In particular, in the logistic approach coefficients from the EuroSCORE multivariate model were directly applied to the Italian population; in the additive approach, the score from the additive EuroSCORE was first used as the only determinant in a univariate logistic regression of 30-day mortality and then its coefficient was applied to the Italian CABG population. Both methods allowed us to estimate an individual's probability of dying within 30 days of the procedure.
To evaluate how well the three models (additive EuroSCORE, logistic EuroSCORE and Italian CABG model) could predict 30-day mortality in cases of both low and high preoperative risk, five risk classes, previously described by other authors and concerning the EuroSCORE risk stratification for patients undergoing heart and thoracic aorta surgery [18], were analysed: 0.00–2.49%; 2.50–4.99%; 5.00–9.99%; 10.00–19.99%;
20.00%. The first risk class (0.00–2.49%) was subsequently split into two smaller classes (0.00–1.24% and 1.25–2.49%) because the 30-day mortality after isolated CABG intervention was the only end-point considered in the Italian study and was about 2.5%.
In each risk class and for each applied predictive model, the observed deaths/expected deaths ratio (O/E ratio) was calculated. In order to evaluate the concurrence of the different methods, the K statistics for the Cohen weighted concordance was calculated.
The performance of the three models in predicting 30-day mortality was formally assessed for calibration and discrimination; the Akaike Information Criterion (AIC) statistic was calculated, when possible.
2.1 Calibration
Calibration refers to the accuracy of a score's prediction. Model calibration can be assessed using the Hosmer–Lemeshow test (H–L test). In this analysis, records were split into eight groups of roughly equal size, on the basis of their predicted probability of death within 30 days of surgery. The predicted number of deaths in each group was then compared with the corresponding number of observed deaths. A significant result indicates that the observed and predicted values do not satisfactorily overlap.
2.2 Discrimination
Discrimination refers to the ability of a model to distinguish the value 0 from the value 1 of the dependent variable, that is, the ability of the score to distinguish patients who died from those who lived. Discrimination can be assessed by the area under the receiver operative characteristic curve (ROC). The ROC area can be interpreted as the probability that a patient who died had a higher risk score than a patient who survived. Thus the area under the curve is the percentage of randomly drawn pairs for which this is true. This is a fairly subjective measure and values greater than 0.8 usually indicate potentially useful discrimination. A value of 0.5 indicates random predictions.
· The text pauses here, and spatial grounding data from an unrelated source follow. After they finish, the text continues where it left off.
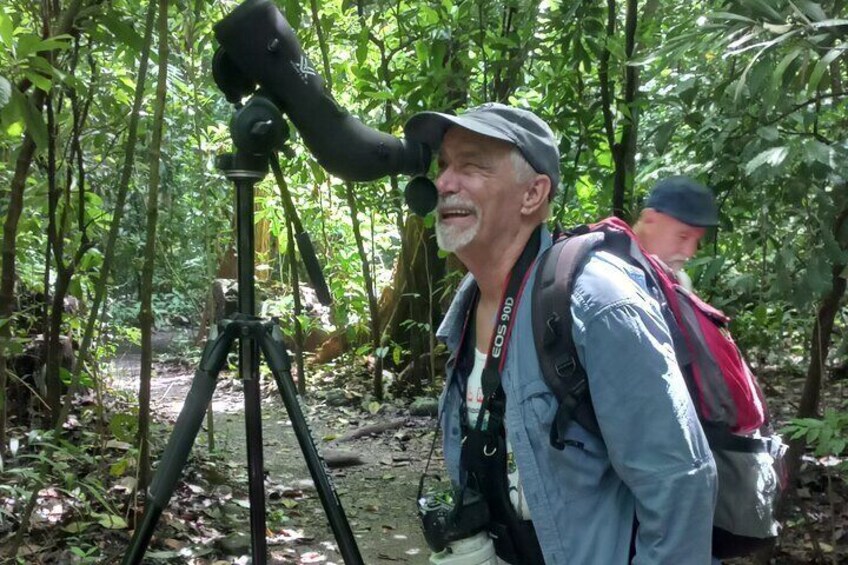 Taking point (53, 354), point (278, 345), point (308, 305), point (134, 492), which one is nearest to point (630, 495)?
point (278, 345)

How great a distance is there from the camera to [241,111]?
1.60 m

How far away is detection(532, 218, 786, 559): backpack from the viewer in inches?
49.6

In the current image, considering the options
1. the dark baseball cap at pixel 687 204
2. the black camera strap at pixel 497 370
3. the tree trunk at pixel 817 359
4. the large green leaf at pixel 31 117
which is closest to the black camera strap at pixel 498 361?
the black camera strap at pixel 497 370

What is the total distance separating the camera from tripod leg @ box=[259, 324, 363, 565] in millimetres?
341

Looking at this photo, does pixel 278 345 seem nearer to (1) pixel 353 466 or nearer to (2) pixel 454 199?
(2) pixel 454 199

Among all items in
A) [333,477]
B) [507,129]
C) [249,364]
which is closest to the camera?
[507,129]

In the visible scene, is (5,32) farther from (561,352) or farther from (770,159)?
(770,159)

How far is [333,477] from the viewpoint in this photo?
4203mm

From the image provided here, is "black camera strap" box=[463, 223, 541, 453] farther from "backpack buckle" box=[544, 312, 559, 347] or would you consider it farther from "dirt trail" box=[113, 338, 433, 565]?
"dirt trail" box=[113, 338, 433, 565]

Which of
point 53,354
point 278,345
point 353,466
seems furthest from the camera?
point 353,466

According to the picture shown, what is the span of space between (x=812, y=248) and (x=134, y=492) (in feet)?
7.14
The ROC values estimated from each applied predictive model were compared using the Chi-square test for ROC area comparisons [19].
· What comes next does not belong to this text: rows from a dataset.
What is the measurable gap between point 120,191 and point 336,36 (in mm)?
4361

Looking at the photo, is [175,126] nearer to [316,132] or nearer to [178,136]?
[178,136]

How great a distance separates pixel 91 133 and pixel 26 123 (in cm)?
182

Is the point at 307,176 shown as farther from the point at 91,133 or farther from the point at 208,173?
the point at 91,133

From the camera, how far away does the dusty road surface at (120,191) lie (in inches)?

2.3 Akaike Information Criterion (AIC)
In order to better compare the predictive models the AIC statistic was evaluated.
The AIC statistic (–2 x log-likelihood + 2 x number of parameters in the model) increases with an increasing number of coefficients but decreases when a better adaptability to data is achieved. It represents the measure of how much a specific model is suitable to describe the study phenomenon and is a function of the model's residual variance (prediction error): the less the variance the more the accuracy. According to Akaike [20], the model exhibiting the smallest AIC value is the model providing the most information on the study sample.
2.4 Comparison between centres mortality and mean population mortality
The Italian CABG model was developed to evaluate the performance of the Italian cardiac surgery centres, taking into account differences in patients characteristics.
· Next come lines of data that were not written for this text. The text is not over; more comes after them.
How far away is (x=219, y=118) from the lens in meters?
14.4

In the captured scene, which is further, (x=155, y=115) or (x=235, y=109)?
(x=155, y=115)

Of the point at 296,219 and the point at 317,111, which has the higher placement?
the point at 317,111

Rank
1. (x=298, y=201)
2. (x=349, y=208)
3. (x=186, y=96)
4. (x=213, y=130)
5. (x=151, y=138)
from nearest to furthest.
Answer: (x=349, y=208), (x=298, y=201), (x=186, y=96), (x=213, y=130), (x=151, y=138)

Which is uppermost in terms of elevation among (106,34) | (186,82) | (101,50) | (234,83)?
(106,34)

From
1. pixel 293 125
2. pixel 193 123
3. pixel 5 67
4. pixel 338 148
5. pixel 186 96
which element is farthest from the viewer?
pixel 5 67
This evaluation was carried out by comparing the risk-adjusted mortality rate (RAMR) 30 days after isolated CABG interventions for each centre with the average mortality rate for the whole study population.
By applying the best predictive algorithm back to each centre data set, the expected number of deaths for each centre was estimated. As the main objective of this analysis was to compare results from a local risk function to an external risk function, a rough recalibration of each model was performed. To perform this recalibration, the expected number of deaths in each centre was divided by the expected number of deaths in the whole population, as estimated by each statistical model, and then multiplied by the total number of observed deaths. This recalibration procedure is equivalent to multiplying the expected deaths in each centre by the O/E ratio in the whole population. The RAMRs were then calculated by dividing the number of the observed deaths in each centre by these recalibrated expected number of deaths and multiplying this ratio by the mortality rate of the whole sample.
To test heterogeneity, the exact Poisson test with a significance threshold of p = 0.05 was used. A RAMR significantly lower than the average mortality rate indicates that the health care provider's performance is better than the average of the whole sample (low-outlier centre); on the contrary, a RAMR significantly higher shows a worse performance (high-outlier centre).
These procedures were also followed when the statistical models derived from the additive and logistic EuroSCORE were applied. The aim was to verify possible differences between the Italian CABG model and the EuroSCORE models in the identification of outliers.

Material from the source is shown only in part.